Nicole Threatens Vast Storm Surge From Florida to Carolinas

Date: Wednesday, November 9th, 2022
Source: Bloomberg

Tropical Storm Nicole, now bigger than Florida, will tighten and strengthen before reaching the state by early Thursday, delivering a storm surge that may reach as far as the Carolinas.

“It’s a really big storm,” said Nick Carapezza, a meteorologist with Maxar Technologies, who estimates Nicole at about 700 miles (1,126 kilometers) across as it bears down on the Bahamas. Its diameter with hurricane-strength winds will likely be closer to 200 miles when it makes landfall.

The storm was about 395 miles east of West Palm Beach, Florida, at 4 p.m. local time and its top wind speeds have strengthened to 65 miles per hour, according to the National Hurricane Center. It’s expected to bring as much as 8 inches (20 centimeters) of rain to the Bahamas and portions of Florida. Nicole would be upgraded to hurricane status once its winds reach 74 mph.

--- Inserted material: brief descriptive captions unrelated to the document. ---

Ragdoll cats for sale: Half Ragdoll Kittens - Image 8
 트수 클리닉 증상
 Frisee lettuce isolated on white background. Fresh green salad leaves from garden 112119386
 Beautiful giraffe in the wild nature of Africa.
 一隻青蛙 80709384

Storm surge will be a bigger threat, as the vast system pushes as much as 5 feet (1.5 meters) of water onto the coast. Surge watches and warnings extend from Florida to the South Santee River in South Carolina.

“It’s unusual in terms of how much of the Florida coast will be affected,” Carapezza said. The surge will get an extra boost from the full moon, which increases tides.

Nicole may cause more than $3 billion of damage, largely because so much of the coastline is at risk from the surge, according to Rick Murnane, chief executive officer of Kinetic Analysis Corp. About 20 million people will be affected by the winds, and more than 800,000 live in the surge zones. For comparison, Hurricane Ian that struck the state in late September was estimated to cost about $71 billion -- including lost economic output from tourism and damaged infrastructure and homes -- according to Enki Holdings LLC.

The storm will likely make landfall between 1 a.m. and 4 a.m. Thursday, north of Palm Beach, home to former President Donald Trump’s Mar-a-Lago estate. It will cross Florida and enter the Gulf of Mexico, and then turn to the northeast and make a second landfall on the state’s west coast sometime Friday, according to Maxar.

Nicole’s massive size stems from the fact that it’s an amalgam of separate systems that joined forces under just the right conditions in the Atlantic Ocean to form a behemoth, according to AccuWeather chief meteorologist Jonathan Porter. A series of rain storms that rolled over Kentucky and the Carolinas ran into tropical moisture from south of Puerto Rico once over the ocean. Fueled by warm Atlantic waters and an area of high pressure to the north, Nicole took shape.

“It was a couple of pieces that came together that congealed into a very large system,” Porter said in an interview.

It will dump rain on parts of the state that are still dealing with flooding caused by Hurricane Ian, according to Brad Harvey, a Maxar meteorologist.

“This certainly isn’t going to help,” he said.